Von Ehren- zu Armengräbern, über Veggie-Grabinschriften bis zur hart erkämpften Feuerbestattung: Der Rundgang gibt einen Einblick in die Geschichte des Vegetarismus in Wien von den Anfängen um 1870 bis 1945 und einen Überblick über die Begräbnistraditionen auf einem der größten Friedhöfe Europas.

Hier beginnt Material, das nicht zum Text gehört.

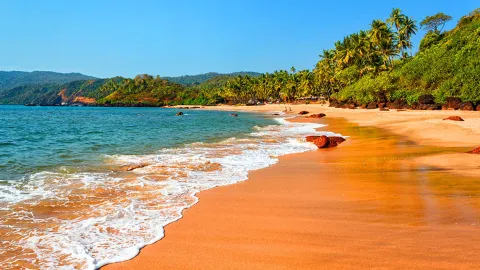 Salty air, golden hour hues, and slow mornings by the shore— — traveler post in Goa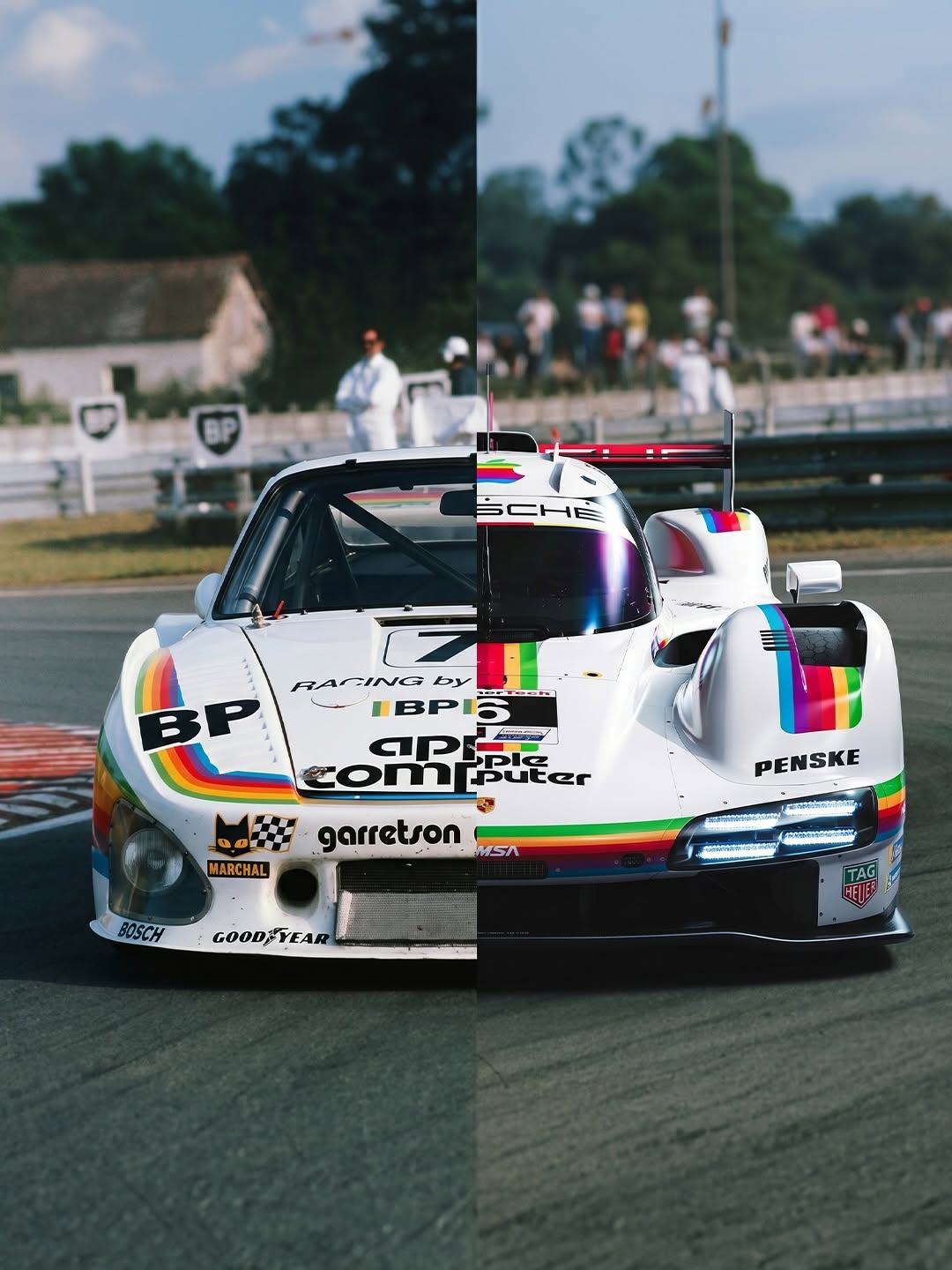 Dick Barbour's 1980 Porsche Wore Apple's Logo. Porsche Penske Ran It Back at Laguna Seca. (image 2)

Der Wiener Zentralfriedhof ist offen für Besucher/innen, die laufen oder radfahren, spazierengehen, fotografieren oder den Friedhof besichtigen wollen. Behalten Sie aber bitte im Hinterkopf, dass der Friedhof primär ein Ort der Erinnerung und des Gedenkens ist und verhalten Sie sich dementsprechend leise und respektvoll, vor allem in der Nähe von Grabbesucher/innen.
Dauer: 2 1/2 - 3 Stunden
Anreise: Sie erreichen den Wiener Zentralfriedhof am besten mit der Straßenbahn 71 oder 6, die Sie von Simmering, der Endhaltestelle der U3, zum Haupteingang des Friedhofs bei Tor 2 bringt.

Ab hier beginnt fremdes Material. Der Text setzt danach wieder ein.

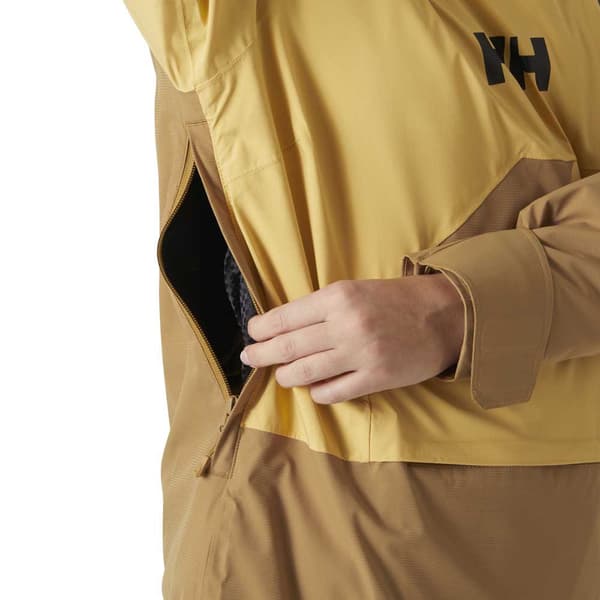 Helly Hansen Powchaser Asym Jakke Gul M Kvinde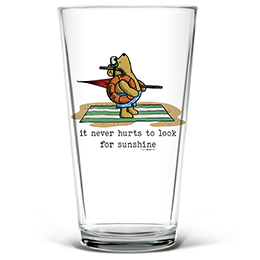 Clear Look For Sunshine Pint Glass - Color Printed 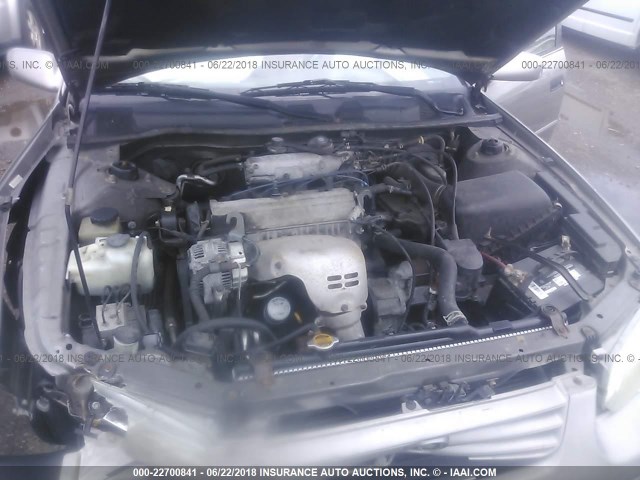 4T1BG22K6WU255909 - 1998 TOYOTA CAMRY CE/LE/XLE ნაცრისფერი ფოტო 10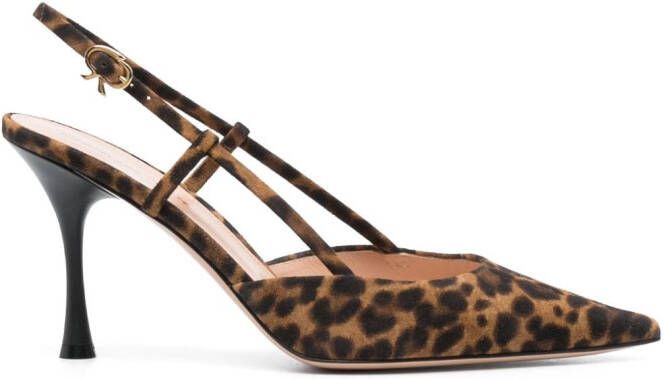 Gianvito Rossi Ascent 90mm slingback pumps Brown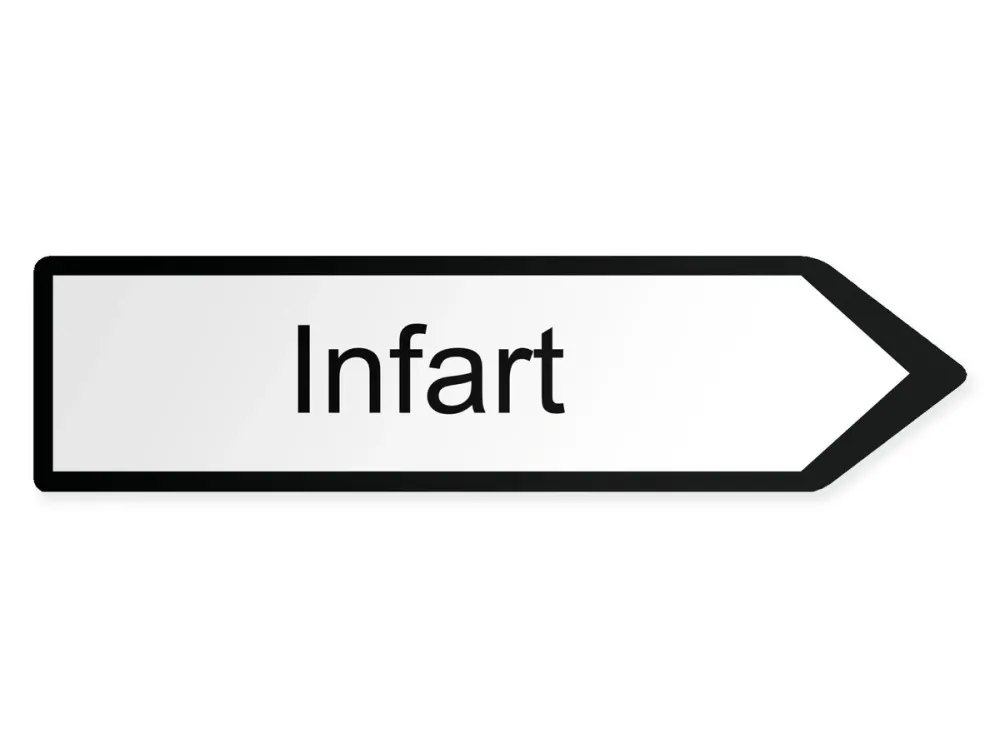 Infart Pilskylt - höger , 60 x 15 cm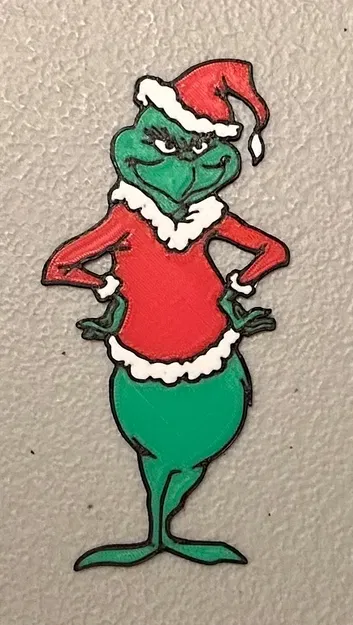 Nam châm Grinch nhiều màu sắc 4 màu - Image 1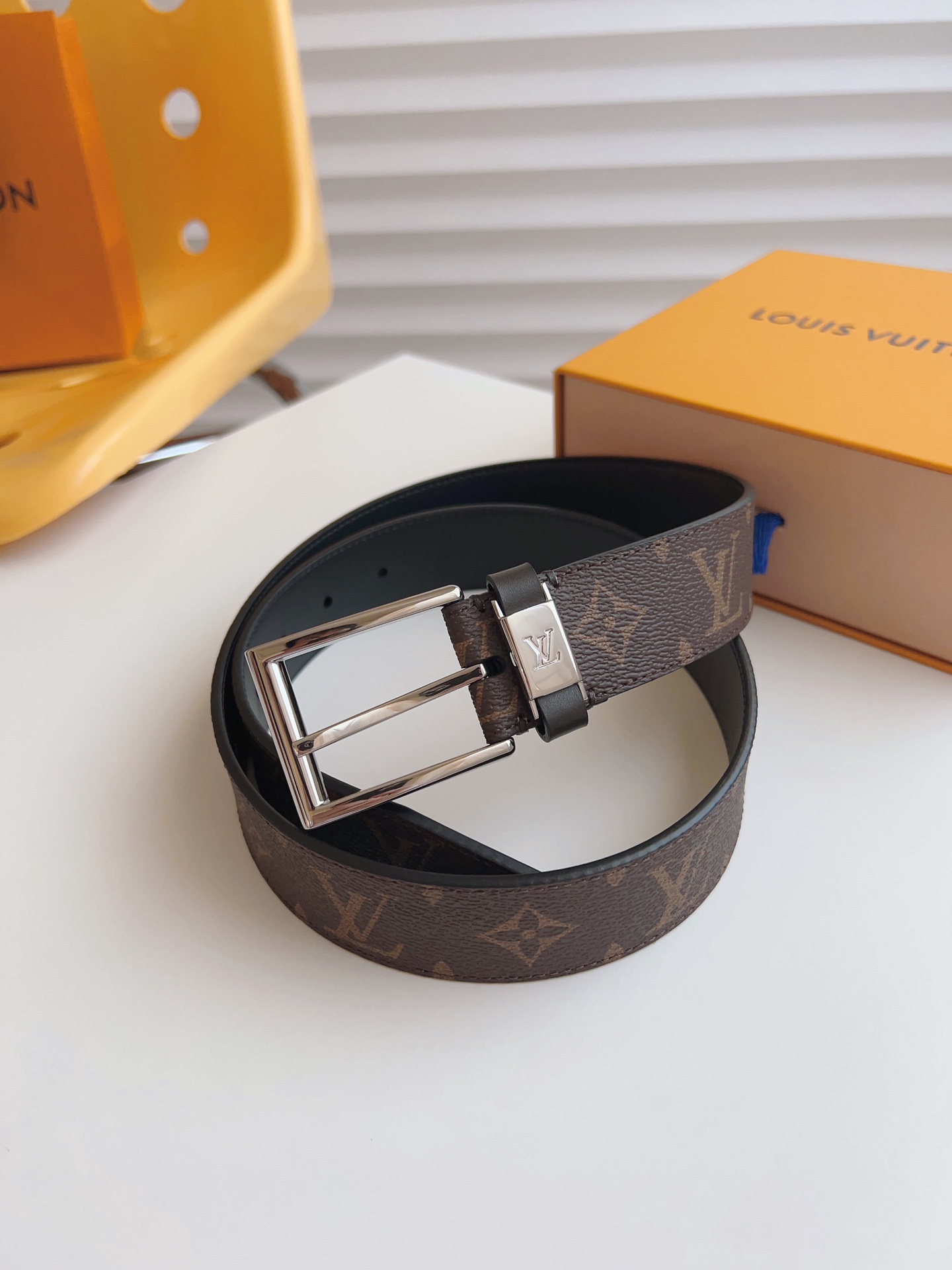 Louis Vuitton Male Basic Belt 35mm-l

Bitte beachten Sie unbedingt die Öffnungszeiten des Friedhofs und planen Sie ausreichend Zeit ein.
November-inkl. Februar: 8-17 Uhr, März und Oktober: 7-18 Uhr, April-September: 7-19 Uhr (erweiterte Öffnungszeiten an Feiertagen und donnerstags im Sommer).
Sollten Sie die Zeit übersehen und eingeschlossen werden, rufen Sie die Polizei (133), die über einen Schlüssel verfügt.
Wir starten den Rundgang bei der Orientierungstafel am Platz unmittelbar nach dem Haupteingang. Hier bekommen Sie einen Überblick zur Geschichte des Friedhofs.
Titelgebend für diese Tour war übrigens eine in den Zeitungen um 1900 gerne strapazierte Scherzfrage: “Was sagt man, wenn ein Vegetarier stirbt?” - “Er hat ins Gras gebissen”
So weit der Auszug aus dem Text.